There's a few different things going on here. The primary issue is that common file transfer programs like scp and rsync poorly handle the case of lots of small files, which is solved by transferring one large file. We can create an archive with tar to put all of the small files into one file and then transfer that file like

tar cf archive.tar "$directory"
scp archive.tar "$target:$destination"
rm archive.tar

That works, but creating the intermediate file archive.tar might take a lot of time and disk space, during which the actual transfer hasn't even started yet.

Piping through ssh#

Taking a step back, we are going to use a useful feature of ssh that makes it very flexible for scripting, but is easy to be unaware of if you only every use ssh for its common usage case of getting an interactive terminal.

ssh can take as an argument a command to run on the destination computer. A simple demonstration of this is ssh hostname w which will output the status of the remote computer.

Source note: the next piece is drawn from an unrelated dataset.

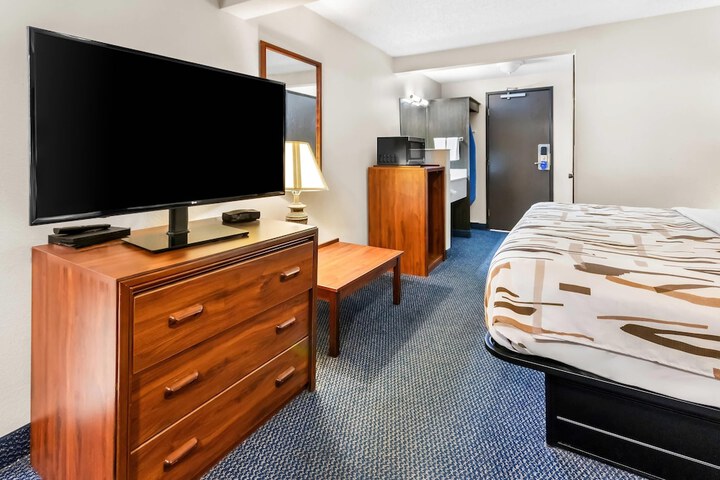 Rodeway Inn Helena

We note that the output appeared on our terminal because ssh handles sending the output of w back along the network connection. In fact, it will also send its input over the network, so

echo "Hello World!" | ssh $hostname 'cat > file'

creates a file on the remote host containing the string Hello World! which was generated on the local host.

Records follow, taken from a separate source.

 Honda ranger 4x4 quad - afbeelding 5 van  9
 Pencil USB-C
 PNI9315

In our case, we want to generate an archive on one host, send it over ssh, and extract it on the target host. Importantly, we are going to take advantage of the fact that tar was designed to generate its output sequentially, without making any random access writes to the archive. While this was intented for outputting tape backups, it helps us here as well. To make tar output to standard output, we change the tar command to tar cf - directory (or, equivalently, tar c directory—like most programs it defaults to using standard input/output, which can be explicitly denoted by -). On the other side of the pipe, we use tar x to extract the archive. Inserting the ssh in the middle gives us tar c directory | ssh target tar x. If you don't want to extract the archive into your home directory on the target, you can add a cd to the desired directory before the tar x command, just remember to enclose the entire command to be run on the remote host in quotes or the semicolon will be misinterpreted as ending the ssh command.

Compression#

Depending on the nature of the files being transferred and the network link, it may be worthwhile to compress the files before transferring them. Do note that on a fast enough network this may in fact slow down the transfer.

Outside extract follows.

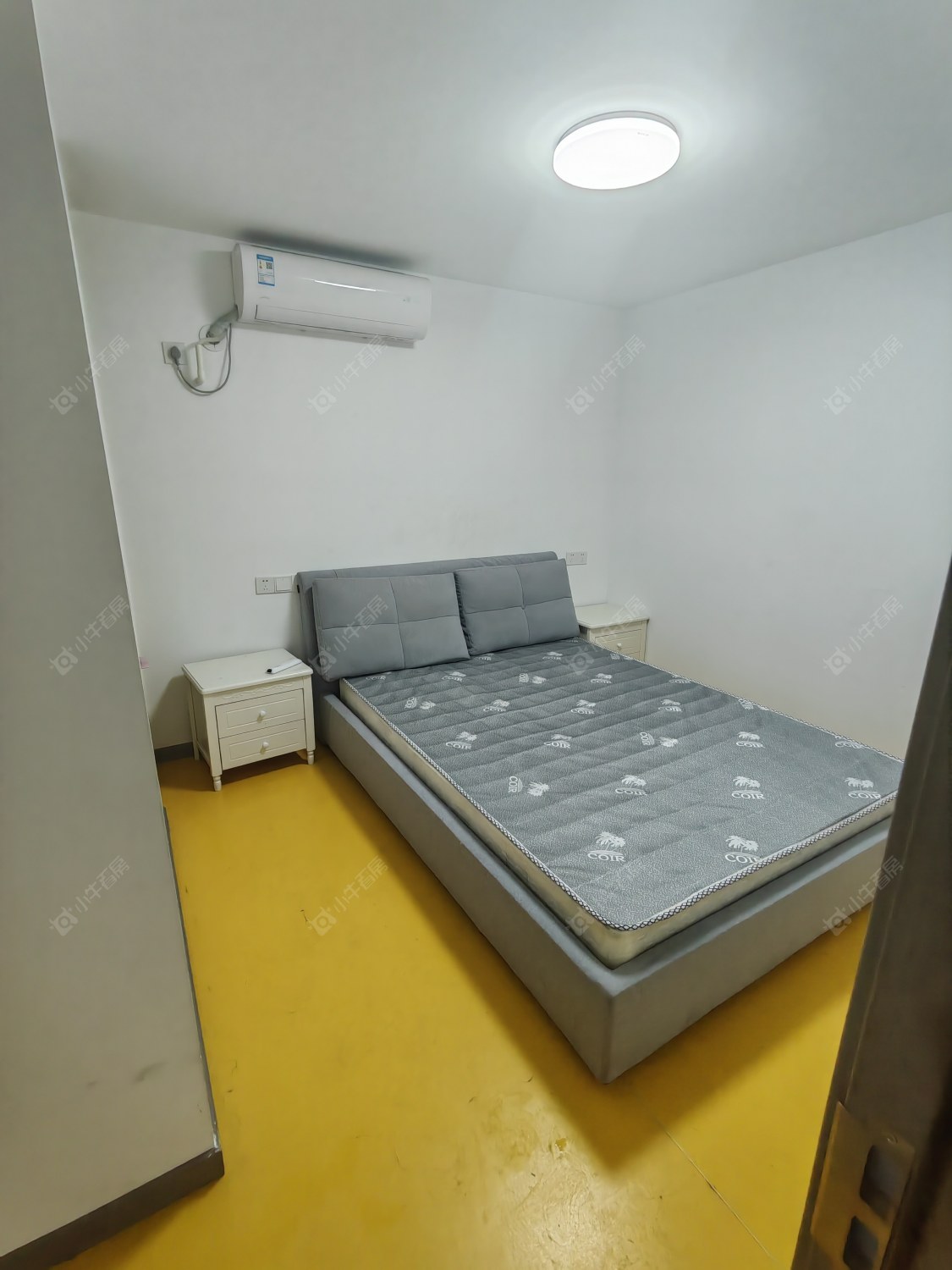 常州亚泰财富中心在租房源室内图_小牛看房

The simplest way is to just use tar's compression support by adding a flag to tar like --lzop. If you want more control, you can separate out the compression like tar c directory | gzip | ssh destination 'gunzip | tar x', which is equivalent to giving tar the --gzip option.

ssh also has built-in suppport for compression which can be enabled with the -C flag. In practice, this often makes ssh slower.

A progress bar#

When doing a file transfer, you usually want to know how fast it's going and how long it's going to take. This is especially useful if you are experimenting with compression settings to see which one is the fastest. Do note that in that case you need to be careful to measure the transfer speed of the uncompressed content, which is why I mentioned splitting out the compression commands from tar above.

There's a very useful little utility called pv which will sit on a pipe and display the status of transfers through that pipe. Here we will be using it to measure the network transfer speed. By inserting pv in the pipeline before ssh, we can get an output of how fast ssh is transferring data. pv has a lot of output options, so you'll probably want to check the man page. The ones I used above are -r and -a for the current and average transfer rates, -t for the elapsed time, and -b for bytes transferred so far.

Note that we can't easily get a progress percentage out of pv because it has no way of knowing how big the transfer is. We can tell it using the -s option… but the exact transfer size is unknown. du -bs directory can be used to estimate the size, but it ignores the overhead. Also, the -b option for counting bytes is a GNU extension. If not using GNU du, then use -k to count kilobytes and multiply the result by 1024.

Comments

Have something to add? Post a comment by sending an email to comments@aweirdimagination.net. You may use Markdown for formatting.

3 comments

Avatar

Jimmy Hartzell

Posted Tue 03 February 2015 06:06

There is a GNUism in this post: BSD tar does not default to stdin/stdout when the -f flag is not specified. Instead, it uses /dev/sa0, which is probably bad unless you have a tape drive, and definitely bad for this situation. BSD is doing the wrong thing, but they are into tradition. Also, the old-style tar flags are kind of badass, but the new-style POSIX flags are preferred and there's no reason to perpetuate the bad habit of using tar xf - when tar -xf - is actually the preferred, standardized syntax.

Avatar

Manoj Paul

Posted Fri 21 February 2020 02:36

What is the reason behind the slow speed when we transfer smaller files through scp?

Avatar

Daniel Perelman

Posted Sun 23 February 2020 16:10

I'm having trouble finding a discussion of SCP specifically, but there's two reasons that apply generally to any transfer protocol:

  1. There's some amount of per-file overhead. (e.g. locating the file on disk on the sender side and allocating space to write it on the receiving side.)

  2. Because of the way congestion control works, network transfers always start slow and speed up as the speed of the link is determined dynamically. With small files, there isn't time to get up to full speed before the transfer is completed. This is where the details of the protocol matter, because I think SCP keeps open a single TCP connection (for the SSH connection) for the entire transfer, but I believe I read somewhere that SSH internally has it's own congestion control system similar to TCP's, so the effect is similar. (Congestion control is a big complicated topic. See https://en.wikipedia.org/wiki/TCP_congestion_control for way more detail than you likely wanted.)